The Imperfectionists is Tom Rachman’s first book. The first books are essential. The first acquaintance with the author, the first impressions always remain in mind. I will never forget Rachman for this book was different and exciting, and I will surely follow his next books.
The Imperfectionists may be a bit complicated for people who take long breaks while reading because the story is told in chapters that are related to each other but from different narrators. In each episode, we read a story about the newspaper and its employees (and a reader), which, in my opinion, can make fantastic short stories on their own.
Reading about the newspaper, its people and readers was so much fun and I think I’ll miss it. Give this a chance as soon as possible. Enjoy!
You know, there’s that silly saying ‘We’re born alone and we die alone’ -it’s nonsense. We’re surrounded at birth and surrounded at death. It is in between that we’re alone.Tom Rachman, The Imperfectionists
The newspaper was founded in Rome in the 1950s, a product of passion and a multi-millionaire’s fancy. Over fifty years, its eccentricities earned a place in readers’ hearts around the globe. But now, circulation is down, the paper lacks a website, and the future looks bleak.
Still, those involved in the publication seem to barely notice. The obituary writer is too busy avoiding work. The editor-in-chief is pondering sleeping with an old flame. The obsessive reader is intent on finishing every old edition, so leaving her trapped in the past. And the publisher seems less interested in his struggling newspaper than in his magnificent basset hound, Schopenhauer.

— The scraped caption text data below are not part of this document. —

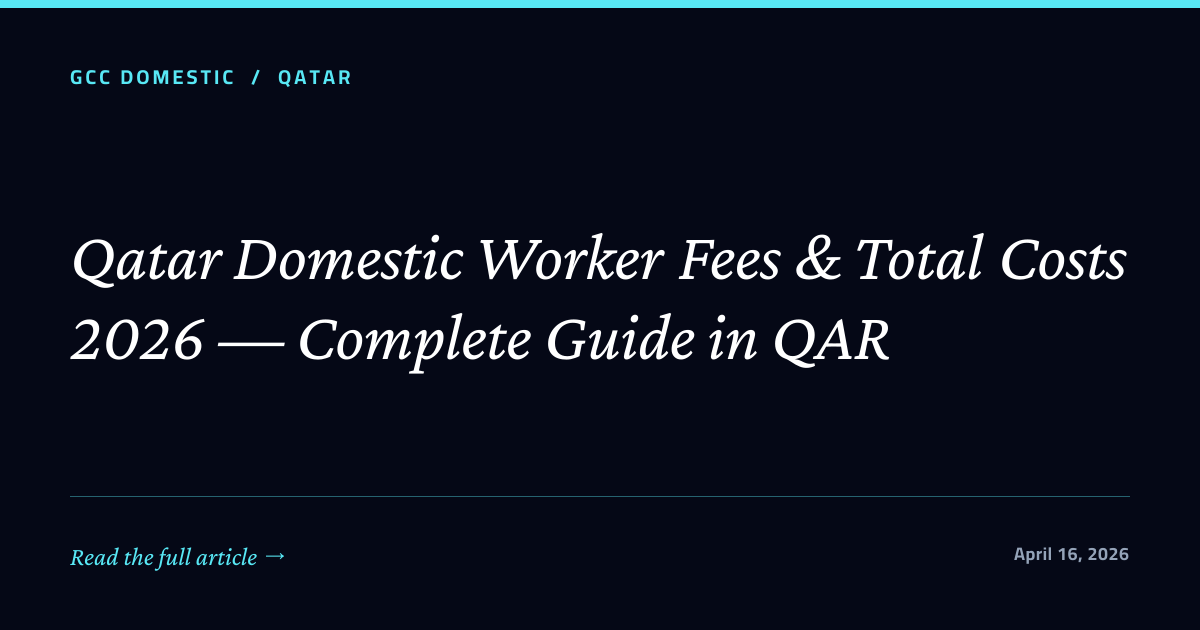 Qatar Domestic Worker Fees & Total Costs 2026 — Complete Guide in QAR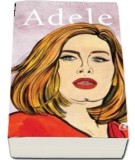 Adele - Sean Smith - Editura Curtea Veche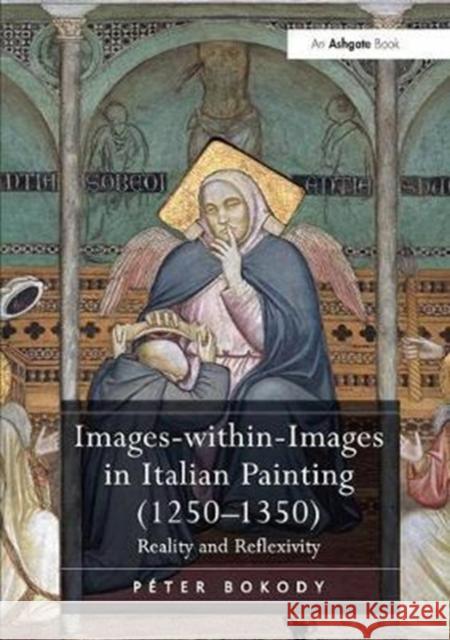 Images-Within-Images in Italian Painting (1250-1350): Reality and Reflexivity Péter Bokody 9781138307445 Taylor and Francis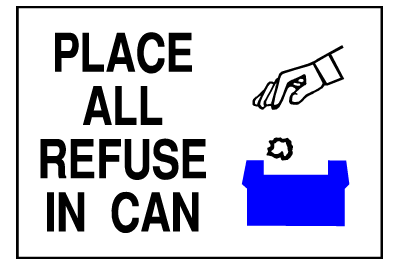 Environmental Signs - Place Refuse In Can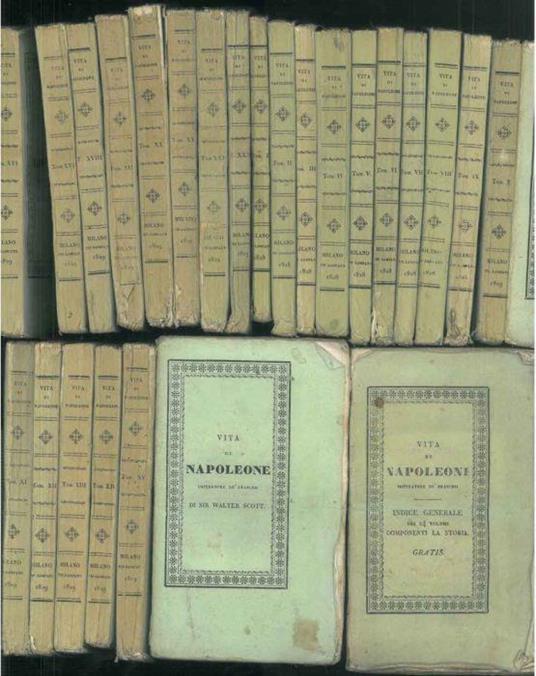 Vita di Napoleone Bonaparte imperatore de' Francesi, preceduta da un quadro storico della Rivoluzione francese. Traduzione dall'inglese dei signori L. Toccagni ed A. Clerichetti. Opera completa in 25 volumi - Walter Scott - copertina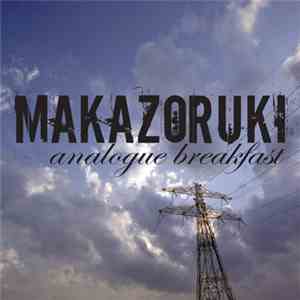 Makazoruki - Analogue Breakfast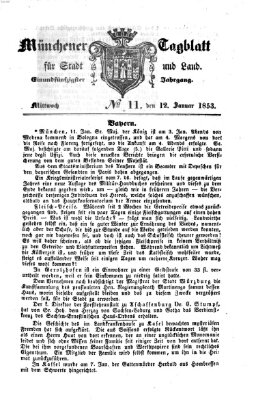 Münchener Tagblatt für Stadt und Land (Münchener Tagblatt) Mittwoch 12. Januar 1853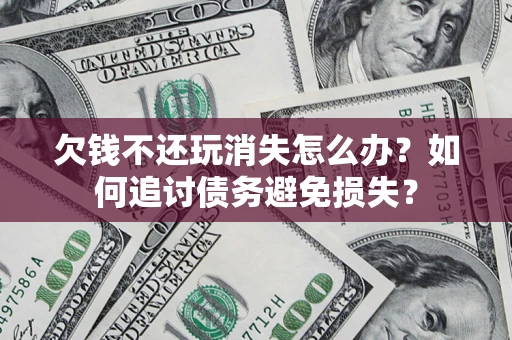 北京欠钱不还玩消失怎么办？如何追讨债务避免损失？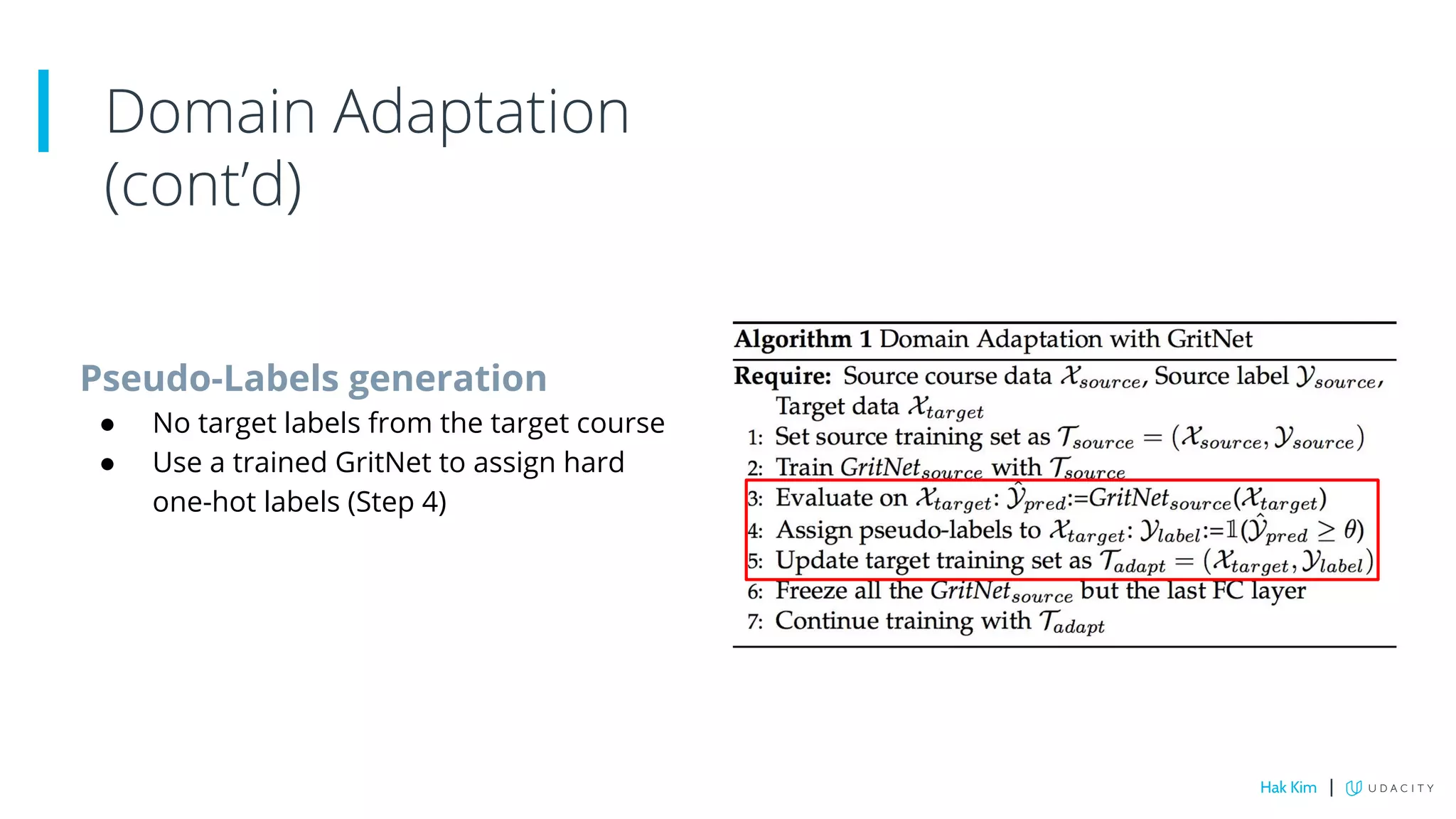 Pseudo-Labels generation
● No target labels from the target course
● Use a trained GritNet to assign hard
one-hot labels (Step 4)
Domain Adaptation
(cont’d)
Hak Kim |
 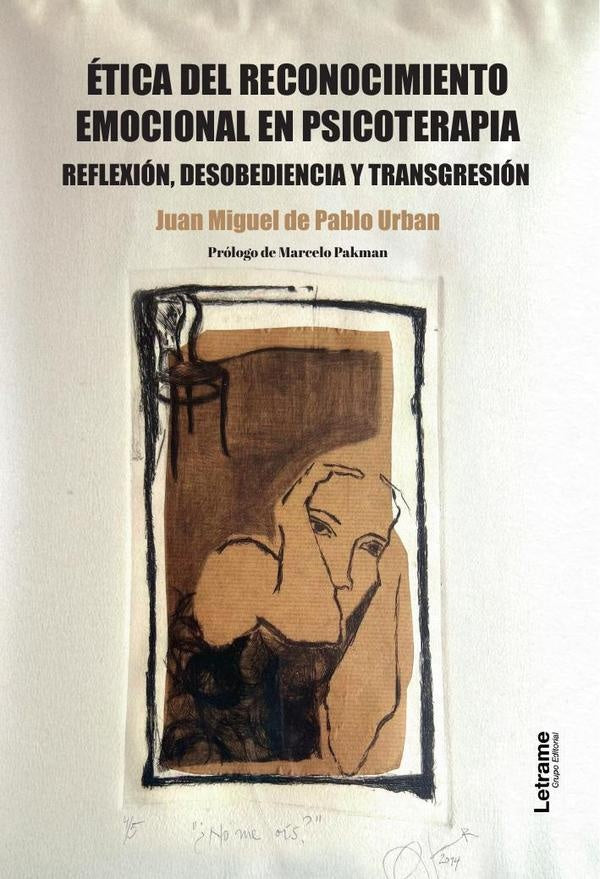 etica del reconocimiento emocional en psicoterapia | Juan Miguel de Pablo Urban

The Imperfectionists interweaves the stories of eleven unusual and so endearing characters who depend on the paper. Funny and moving, the novel is about endings – the end of life, the end of sexual desire, the end of the era of newspapers – and about what might rise afterwards.
Tom Rachman is an English/Canadian novelist. His debut novel was The Imperfectionists, published in 2010 by Dial Press, an imprint of Random House. The book has been published in 25 languages. Rachman was born in London, England, and grew up in Vancouver.